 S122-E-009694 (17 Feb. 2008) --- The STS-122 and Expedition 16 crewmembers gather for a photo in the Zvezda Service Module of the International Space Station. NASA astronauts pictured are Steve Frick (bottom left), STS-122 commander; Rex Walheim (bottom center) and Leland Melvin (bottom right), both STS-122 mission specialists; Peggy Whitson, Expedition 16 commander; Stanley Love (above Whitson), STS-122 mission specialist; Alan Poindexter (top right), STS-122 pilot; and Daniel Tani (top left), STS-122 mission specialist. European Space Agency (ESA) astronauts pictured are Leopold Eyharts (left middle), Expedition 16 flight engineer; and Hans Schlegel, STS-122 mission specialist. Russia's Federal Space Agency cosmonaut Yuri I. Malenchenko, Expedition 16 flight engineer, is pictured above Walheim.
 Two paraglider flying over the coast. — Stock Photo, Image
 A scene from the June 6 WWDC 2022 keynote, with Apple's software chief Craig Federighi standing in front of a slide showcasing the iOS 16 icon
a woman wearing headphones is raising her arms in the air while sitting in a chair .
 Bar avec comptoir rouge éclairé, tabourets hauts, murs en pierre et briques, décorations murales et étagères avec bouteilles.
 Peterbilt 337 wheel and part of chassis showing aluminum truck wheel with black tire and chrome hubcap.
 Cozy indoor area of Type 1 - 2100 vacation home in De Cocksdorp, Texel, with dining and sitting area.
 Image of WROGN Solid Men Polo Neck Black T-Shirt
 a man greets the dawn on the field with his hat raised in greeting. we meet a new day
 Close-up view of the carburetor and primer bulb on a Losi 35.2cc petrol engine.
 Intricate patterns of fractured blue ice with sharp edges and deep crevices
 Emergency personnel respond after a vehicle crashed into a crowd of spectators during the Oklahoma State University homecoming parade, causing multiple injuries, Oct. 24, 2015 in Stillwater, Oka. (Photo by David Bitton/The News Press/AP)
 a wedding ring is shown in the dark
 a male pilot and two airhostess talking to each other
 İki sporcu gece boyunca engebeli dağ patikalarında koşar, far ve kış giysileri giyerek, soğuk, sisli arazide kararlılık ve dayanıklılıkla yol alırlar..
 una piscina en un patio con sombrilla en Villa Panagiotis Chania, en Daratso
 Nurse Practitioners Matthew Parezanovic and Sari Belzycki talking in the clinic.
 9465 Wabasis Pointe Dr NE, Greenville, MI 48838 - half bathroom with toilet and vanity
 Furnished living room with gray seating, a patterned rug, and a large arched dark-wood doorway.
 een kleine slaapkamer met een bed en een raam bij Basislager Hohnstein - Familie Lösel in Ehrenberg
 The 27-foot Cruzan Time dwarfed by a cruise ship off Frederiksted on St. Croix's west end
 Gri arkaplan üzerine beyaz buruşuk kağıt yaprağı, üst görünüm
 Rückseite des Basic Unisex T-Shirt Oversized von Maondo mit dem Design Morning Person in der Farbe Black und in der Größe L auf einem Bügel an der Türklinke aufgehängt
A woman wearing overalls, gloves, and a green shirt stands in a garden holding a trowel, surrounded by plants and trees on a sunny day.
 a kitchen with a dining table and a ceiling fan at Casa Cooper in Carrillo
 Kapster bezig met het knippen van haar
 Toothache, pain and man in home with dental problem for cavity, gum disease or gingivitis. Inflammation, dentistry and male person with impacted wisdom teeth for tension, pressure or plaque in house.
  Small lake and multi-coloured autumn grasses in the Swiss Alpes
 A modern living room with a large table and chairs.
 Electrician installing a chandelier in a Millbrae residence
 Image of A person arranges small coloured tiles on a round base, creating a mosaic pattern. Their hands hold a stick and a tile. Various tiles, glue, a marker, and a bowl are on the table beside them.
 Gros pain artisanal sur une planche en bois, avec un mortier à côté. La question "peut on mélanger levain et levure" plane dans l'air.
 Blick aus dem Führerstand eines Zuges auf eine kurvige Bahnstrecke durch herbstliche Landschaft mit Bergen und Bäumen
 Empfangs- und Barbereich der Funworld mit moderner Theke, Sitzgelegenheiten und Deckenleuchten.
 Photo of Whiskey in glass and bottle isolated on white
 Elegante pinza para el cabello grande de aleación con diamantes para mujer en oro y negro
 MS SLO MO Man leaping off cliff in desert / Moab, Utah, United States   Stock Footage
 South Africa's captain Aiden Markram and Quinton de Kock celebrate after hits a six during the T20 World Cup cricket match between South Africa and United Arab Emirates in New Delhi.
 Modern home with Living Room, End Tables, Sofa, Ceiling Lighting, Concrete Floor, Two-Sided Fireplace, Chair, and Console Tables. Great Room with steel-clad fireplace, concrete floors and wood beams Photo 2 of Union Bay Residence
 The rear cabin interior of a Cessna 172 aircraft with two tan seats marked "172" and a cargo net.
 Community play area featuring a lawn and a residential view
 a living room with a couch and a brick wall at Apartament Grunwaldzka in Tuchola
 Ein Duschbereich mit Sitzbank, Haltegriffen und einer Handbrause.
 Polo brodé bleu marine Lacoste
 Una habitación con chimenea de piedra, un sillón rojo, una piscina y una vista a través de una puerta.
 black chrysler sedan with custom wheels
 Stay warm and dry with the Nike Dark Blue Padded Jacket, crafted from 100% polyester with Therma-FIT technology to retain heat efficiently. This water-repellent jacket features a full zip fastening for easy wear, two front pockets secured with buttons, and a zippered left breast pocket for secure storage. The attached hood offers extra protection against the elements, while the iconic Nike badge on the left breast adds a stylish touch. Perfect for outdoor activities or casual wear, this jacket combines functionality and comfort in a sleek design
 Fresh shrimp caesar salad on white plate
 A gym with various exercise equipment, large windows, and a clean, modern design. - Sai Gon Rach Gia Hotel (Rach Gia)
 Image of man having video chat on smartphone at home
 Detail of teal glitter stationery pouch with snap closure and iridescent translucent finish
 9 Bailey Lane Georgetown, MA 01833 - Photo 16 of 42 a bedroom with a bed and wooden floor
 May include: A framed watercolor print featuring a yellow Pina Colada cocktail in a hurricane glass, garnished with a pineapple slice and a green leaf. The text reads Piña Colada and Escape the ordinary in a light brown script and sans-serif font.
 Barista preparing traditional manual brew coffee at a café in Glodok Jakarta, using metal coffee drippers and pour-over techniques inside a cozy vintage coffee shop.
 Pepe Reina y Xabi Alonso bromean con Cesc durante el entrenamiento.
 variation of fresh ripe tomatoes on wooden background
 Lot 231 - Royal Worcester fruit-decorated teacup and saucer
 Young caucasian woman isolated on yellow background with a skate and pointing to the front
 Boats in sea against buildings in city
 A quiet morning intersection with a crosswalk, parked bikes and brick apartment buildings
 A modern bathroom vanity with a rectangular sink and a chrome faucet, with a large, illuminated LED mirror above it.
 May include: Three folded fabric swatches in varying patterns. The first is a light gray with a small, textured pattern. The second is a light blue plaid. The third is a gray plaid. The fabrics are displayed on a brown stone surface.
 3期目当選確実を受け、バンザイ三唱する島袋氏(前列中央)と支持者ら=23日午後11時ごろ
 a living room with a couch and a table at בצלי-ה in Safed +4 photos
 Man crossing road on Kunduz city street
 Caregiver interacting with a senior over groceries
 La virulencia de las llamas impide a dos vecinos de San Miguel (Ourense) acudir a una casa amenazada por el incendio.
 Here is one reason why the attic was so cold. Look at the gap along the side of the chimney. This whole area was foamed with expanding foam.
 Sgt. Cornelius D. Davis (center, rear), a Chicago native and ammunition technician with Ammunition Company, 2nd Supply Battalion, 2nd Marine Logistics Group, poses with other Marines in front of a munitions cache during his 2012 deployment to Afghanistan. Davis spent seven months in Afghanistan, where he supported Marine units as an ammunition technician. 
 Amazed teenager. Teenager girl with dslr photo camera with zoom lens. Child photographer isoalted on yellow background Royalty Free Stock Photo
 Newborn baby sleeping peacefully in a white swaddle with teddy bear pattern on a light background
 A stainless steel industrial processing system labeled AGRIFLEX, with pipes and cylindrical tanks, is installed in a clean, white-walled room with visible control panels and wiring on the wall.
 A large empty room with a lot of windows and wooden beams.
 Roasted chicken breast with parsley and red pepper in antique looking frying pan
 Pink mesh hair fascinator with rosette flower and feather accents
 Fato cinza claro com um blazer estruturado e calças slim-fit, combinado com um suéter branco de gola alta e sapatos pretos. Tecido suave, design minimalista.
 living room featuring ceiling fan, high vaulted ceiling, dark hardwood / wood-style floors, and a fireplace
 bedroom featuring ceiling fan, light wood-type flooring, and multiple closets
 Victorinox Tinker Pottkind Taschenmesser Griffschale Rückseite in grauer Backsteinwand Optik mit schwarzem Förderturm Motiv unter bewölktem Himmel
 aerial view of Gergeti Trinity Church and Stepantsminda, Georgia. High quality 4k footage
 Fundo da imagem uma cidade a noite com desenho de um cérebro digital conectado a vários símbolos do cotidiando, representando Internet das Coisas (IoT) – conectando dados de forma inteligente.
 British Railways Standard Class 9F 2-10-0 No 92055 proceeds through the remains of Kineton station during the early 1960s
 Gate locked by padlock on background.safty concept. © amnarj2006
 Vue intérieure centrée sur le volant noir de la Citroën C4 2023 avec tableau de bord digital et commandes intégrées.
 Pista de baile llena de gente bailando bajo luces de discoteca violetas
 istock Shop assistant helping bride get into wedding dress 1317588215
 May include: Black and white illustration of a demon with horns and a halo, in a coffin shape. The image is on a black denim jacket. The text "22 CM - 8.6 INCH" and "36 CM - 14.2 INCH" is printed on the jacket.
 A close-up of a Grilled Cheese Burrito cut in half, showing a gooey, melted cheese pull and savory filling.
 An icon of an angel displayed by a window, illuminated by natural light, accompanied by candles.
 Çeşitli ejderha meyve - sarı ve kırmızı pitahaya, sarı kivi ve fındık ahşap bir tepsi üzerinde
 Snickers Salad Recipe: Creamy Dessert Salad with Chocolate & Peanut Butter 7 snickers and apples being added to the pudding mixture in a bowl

++++++++++++++++++++

• **Task brief**:
Report each line above containing the string "showing".

• **Written answer**:
 Peterbilt 337 wheel and part of chassis showing aluminum truck wheel with black tire and chrome hubcap.
 A close-up of a Grilled Cheese Burrito cut in half, showing a gooey, melted cheese pull and savory filling.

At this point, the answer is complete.